=== Material provided ===

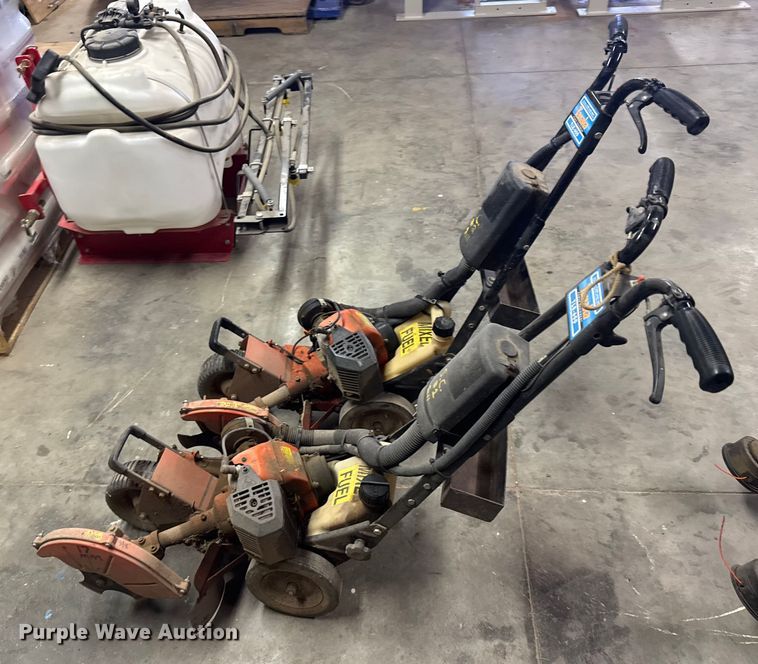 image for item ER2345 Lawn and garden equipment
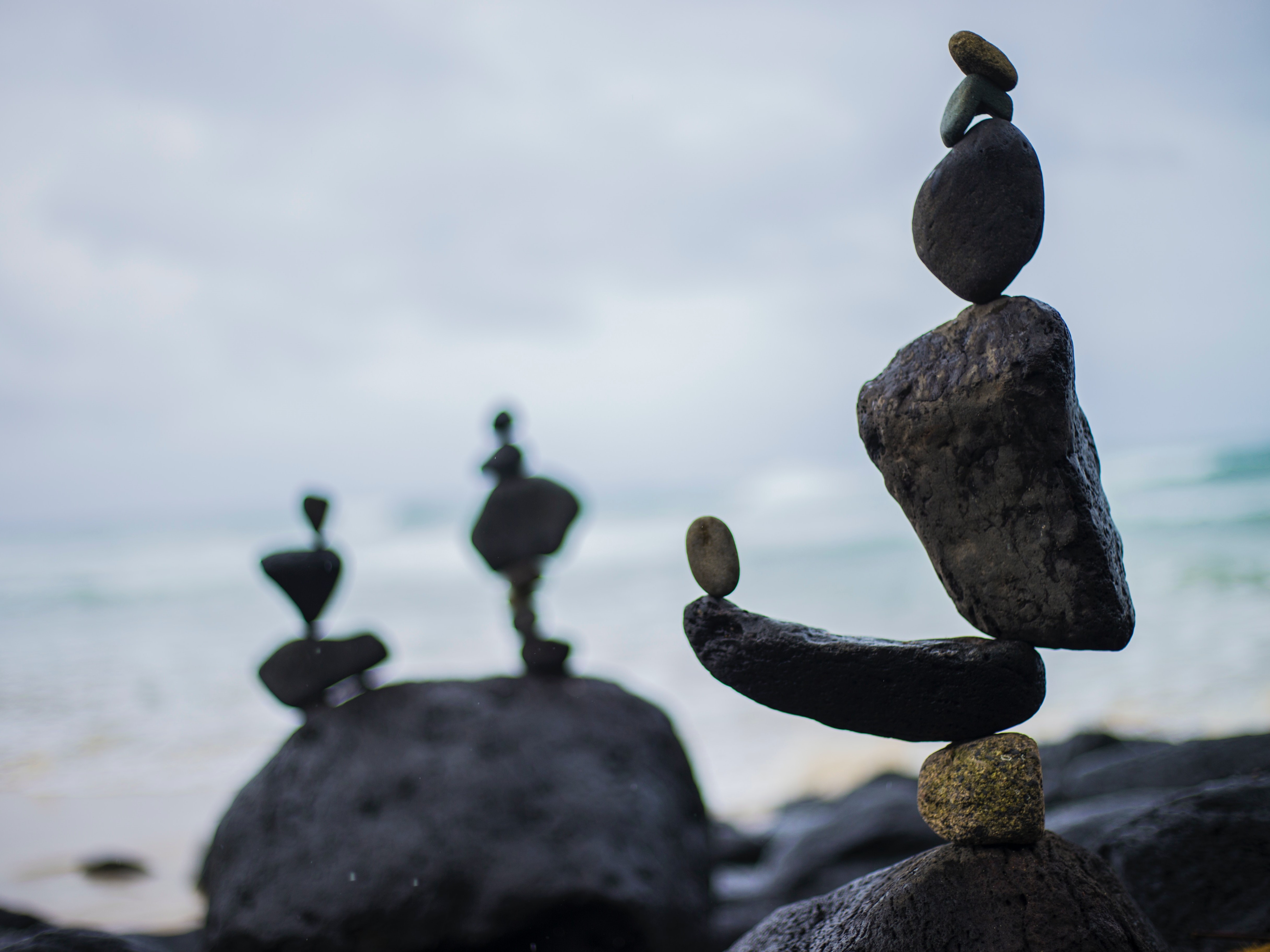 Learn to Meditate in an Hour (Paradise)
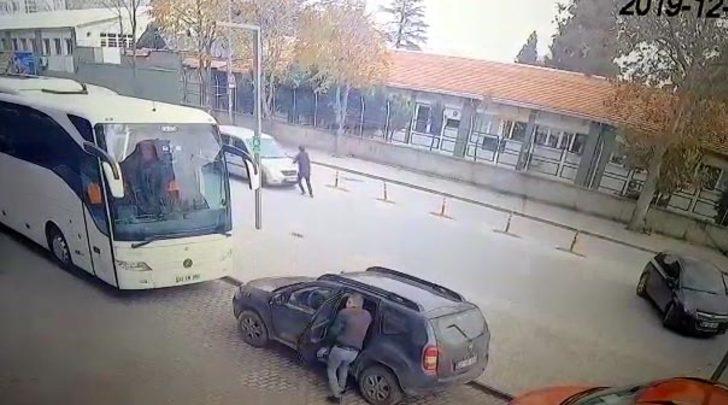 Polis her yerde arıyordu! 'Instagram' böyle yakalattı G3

===
=== Material provided ===

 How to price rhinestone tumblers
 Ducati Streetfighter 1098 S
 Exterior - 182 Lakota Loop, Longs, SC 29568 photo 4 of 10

===

### [Work request]
In the entries above, find the line that contains "image for item" and the line that contains "Polis her yerde". Reproduce exactly those two lines and every line between them, but not the pictures.

### [Output below]
 image for item ER2345 Lawn and garden equipment
 Learn to Meditate in an Hour (Paradise)
 Polis her yerde arıyordu! 'Instagram' böyle yakalattı G3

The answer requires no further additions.